Ascoltare, guardare, assorbire, metabolizzare, dimenticare e poi restituire con
le parole, costruendo storie che apparentemente non hanno nulla a che fare con
il vissuto, ma che ne contengono ognuna un frammento, in sostanza è lo scambio
tra professione e scrittura. Campagna, animali e libri, molto libri nella mia
formazione. Ne era pieno il mulino riadattato a scuderia nel quale ho abitato
per molti anni. Un ambiente familiare lontanissimo dal pragmatico varesotto nel
quale sono cresciuta (il primo senatore della lega lombarda, Giuseppe Leoni,
abitava nello stesso comune), ma che rimaneva chiuso fuori dalla porta di casa.
Dentro, c’erano i libri, la musica, il pianoforte e le poesie di mia madre.

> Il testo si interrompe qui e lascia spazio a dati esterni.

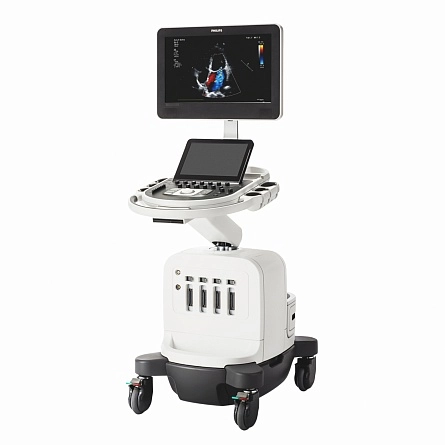 Аппарат УЗИ Philips Affiniti 50 от Philips фотография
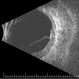 Choroidal Metastasis B-Scan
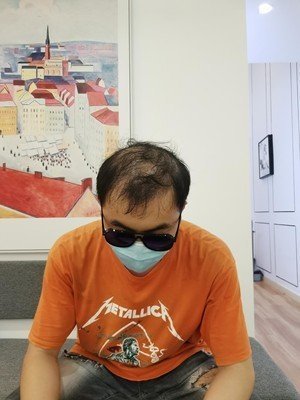 补发前头发稀疏——正面 补发前头发稀疏——正面
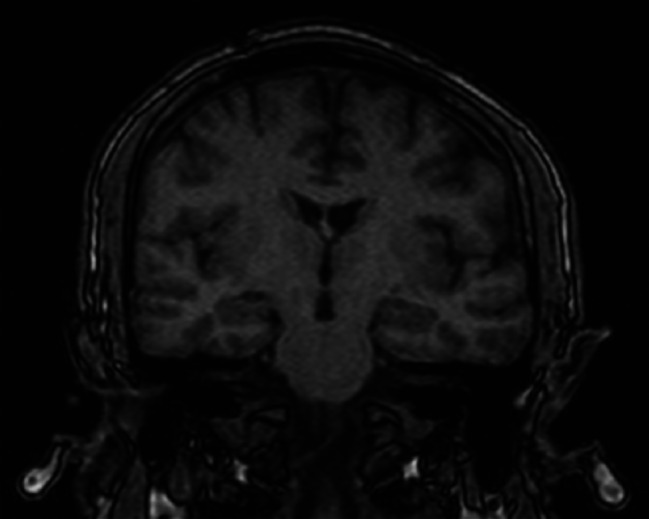 Can dissociative amnesia be a residual symptom of prolonged complex post-traumatic stress disorder?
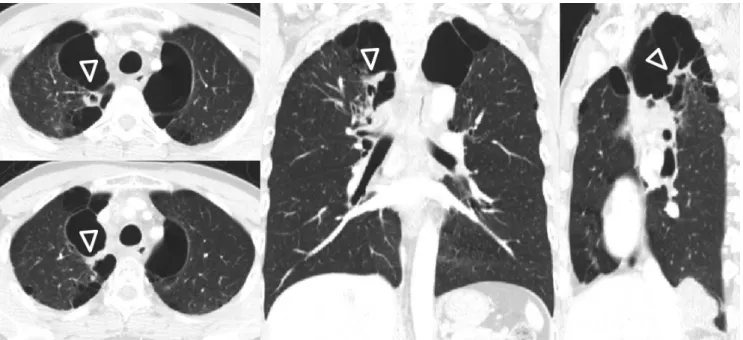 Fig. 15. Lung cancer developing in a bulla in a 79-year-old man. CT images show irregular wall thickening (arrowheads) in a bulla in the right upper  lobe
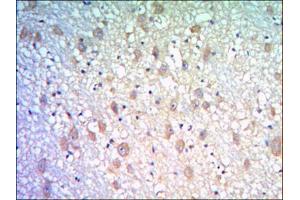 Immunohistochemical analysis of paraffin-embedded human brain tissues using KLHL21 antibody with DAB staining. (KLHL21 anticorps)
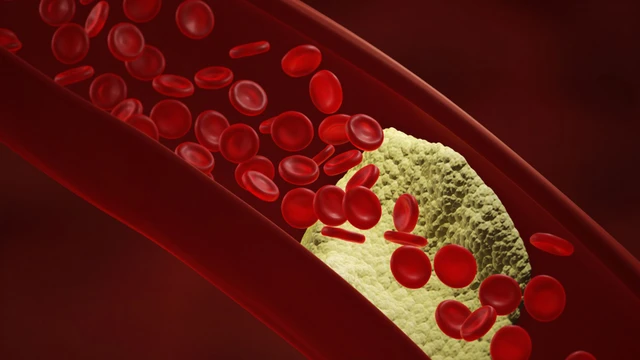 bai-viet/xo-vua-dong-mach-chu-bung-nguyen-nhan-trieu-chung-va-phuong-phap-dieu-tri.html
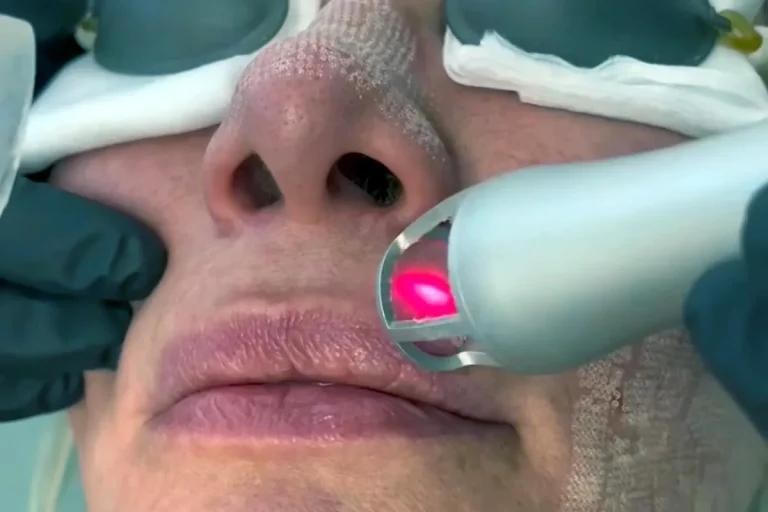 fördelarna med co2 laserresurfacing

Vivevamo un po’ da profughi.I miei studi hanno solo anticipato i due poli tra
i quali mi sono sempre mossa, formazione umanistica e scientifica: Liceo
classico, Facoltà di veterinaria, poi l’incursione nel Corso di giornalismo e
l’abilitazione all’insegnamento dell’italiano agli stranieri, è dal mondo degli
immigrati che è nato Concerto A Fes.
S: Ci daresti un’idea snella
della trama di Concerto a Fes? Quel tanto che basta per invogliare a una
lettura, beninteso. M: Nora, figlia di immigrati divenuta
una pianista classica, ritorna in Marocco per tenervi un concerto e deve confrontarsi
con un mondo estraneo, ma in effetti suo. Tre generazioni di donne si
incontrano in una vicenda che supera i confini familiari e si intreccia alla
storia marocchina, dal Protettorato francese fino ai giorni nostri. È una
storia di confini tra le due rive del Mediterraneo, da sempre punto di
incontro, e anche di scontro, ma alla fine matrice comune delle tre grandi
religioni monoteiste, e non a caso Islam e Ebraismo trovano espressione nel
vissuto della madre della protagonista, Hannah. Il romanzo procede per due piani narrativi: il
contemporaneo, costituito dal viaggio di Nora e il passato che ripercorre la
sua infanzia e i suoi studi in Italia e in Francia, ma nel quale trova spazio
anche la vicenda di sua madre, Hannah, vero perno di tutta la storia. Alla storia familiare si
intrecciano alcuni avvenimenti storici, tra i quali campeggia, unico tra tutte
le nazioni coinvolte nella guerra, il rifiuto del re del Marocco a consegnare
al governo di Vichy gli ebrei che dall’epoca della diaspora andalusa vivevano
gomito a gomito con la comunità islamica e che trova, nell’unico fiume
sotterraneo della musica sefardita e magrebina, l’esempio forse più
misconosciuto. Oltre a essere il mezzo dell’emancipazione di Nora, la musica
è il fil rouge che lega il presente al passato.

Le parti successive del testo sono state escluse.